• _Data supplied_:
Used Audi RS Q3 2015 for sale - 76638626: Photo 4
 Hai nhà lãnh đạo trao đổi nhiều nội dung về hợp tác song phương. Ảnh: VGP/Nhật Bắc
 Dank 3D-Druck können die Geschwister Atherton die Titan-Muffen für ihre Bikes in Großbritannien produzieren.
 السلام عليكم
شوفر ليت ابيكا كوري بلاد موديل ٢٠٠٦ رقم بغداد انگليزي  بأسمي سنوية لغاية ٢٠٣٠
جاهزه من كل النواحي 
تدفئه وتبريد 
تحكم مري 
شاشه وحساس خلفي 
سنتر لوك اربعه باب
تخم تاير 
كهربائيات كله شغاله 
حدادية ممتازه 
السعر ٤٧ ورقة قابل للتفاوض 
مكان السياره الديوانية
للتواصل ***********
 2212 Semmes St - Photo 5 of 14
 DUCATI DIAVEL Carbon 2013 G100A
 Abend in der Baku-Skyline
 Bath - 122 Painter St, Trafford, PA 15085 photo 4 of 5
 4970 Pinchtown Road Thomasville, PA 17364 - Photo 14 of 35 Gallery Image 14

• _What you need to do_: Nothing from before the line containing "2212 Semmes St - Photo 5 of 14" should appear; copy that line and each one after it through the last line of the entries, exactly.

• _Response to the exercise_:
 2212 Semmes St - Photo 5 of 14
 DUCATI DIAVEL Carbon 2013 G100A
 Abend in der Baku-Skyline
 Bath - 122 Painter St, Trafford, PA 15085 photo 4 of 5
 4970 Pinchtown Road Thomasville, PA 17364 - Photo 14 of 35 Gallery Image 14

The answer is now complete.